_Task statement_. Present the data once more in exactly its original form.

*** Source records ***

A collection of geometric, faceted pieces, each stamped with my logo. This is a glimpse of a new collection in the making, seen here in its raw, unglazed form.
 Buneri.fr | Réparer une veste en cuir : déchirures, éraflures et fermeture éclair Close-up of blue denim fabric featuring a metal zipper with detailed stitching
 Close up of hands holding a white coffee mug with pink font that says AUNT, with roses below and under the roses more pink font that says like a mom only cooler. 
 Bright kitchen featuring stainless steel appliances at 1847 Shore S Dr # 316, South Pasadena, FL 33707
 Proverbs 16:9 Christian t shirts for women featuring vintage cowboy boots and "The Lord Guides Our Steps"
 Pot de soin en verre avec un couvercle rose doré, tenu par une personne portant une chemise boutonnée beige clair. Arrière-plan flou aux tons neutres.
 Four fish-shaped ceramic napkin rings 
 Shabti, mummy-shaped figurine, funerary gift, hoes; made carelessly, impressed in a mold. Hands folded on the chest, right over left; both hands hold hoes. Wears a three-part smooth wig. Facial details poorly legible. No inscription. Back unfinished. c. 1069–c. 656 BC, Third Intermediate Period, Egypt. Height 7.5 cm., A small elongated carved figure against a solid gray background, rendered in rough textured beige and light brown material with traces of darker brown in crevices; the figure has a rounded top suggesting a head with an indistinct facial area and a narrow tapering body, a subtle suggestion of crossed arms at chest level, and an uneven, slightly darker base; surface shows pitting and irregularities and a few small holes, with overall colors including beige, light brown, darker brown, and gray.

*** End of Source records ***

_Written answer_.
A collection of geometric, faceted pieces, each stamped with my logo. This is a glimpse of a new collection in the making, seen here in its raw, unglazed form.
 Buneri.fr | Réparer une veste en cuir : déchirures, éraflures et fermeture éclair Close-up of blue denim fabric featuring a metal zipper with detailed stitching
 Close up of hands holding a white coffee mug with pink font that says AUNT, with roses below and under the roses more pink font that says like a mom only cooler. 
 Bright kitchen featuring stainless steel appliances at 1847 Shore S Dr # 316, South Pasadena, FL 33707
 Proverbs 16:9 Christian t shirts for women featuring vintage cowboy boots and "The Lord Guides Our Steps"
 Pot de soin en verre avec un couvercle rose doré, tenu par une personne portant une chemise boutonnée beige clair. Arrière-plan flou aux tons neutres.
 Four fish-shaped ceramic napkin rings 
 Shabti, mummy-shaped figurine, funerary gift, hoes; made carelessly, impressed in a mold. Hands folded on the chest, right over left; both hands hold hoes. Wears a three-part smooth wig. Facial details poorly legible. No inscription. Back unfinished. c. 1069–c. 656 BC, Third Intermediate Period, Egypt. Height 7.5 cm., A small elongated carved figure against a solid gray background, rendered in rough textured beige and light brown material with traces of darker brown in crevices; the figure has a rounded top suggesting a head with an indistinct facial area and a narrow tapering body, a subtle suggestion of crossed arms at chest level, and an uneven, slightly darker base; surface shows pitting and irregularities and a few small holes, with overall colors including beige, light brown, darker brown, and gray.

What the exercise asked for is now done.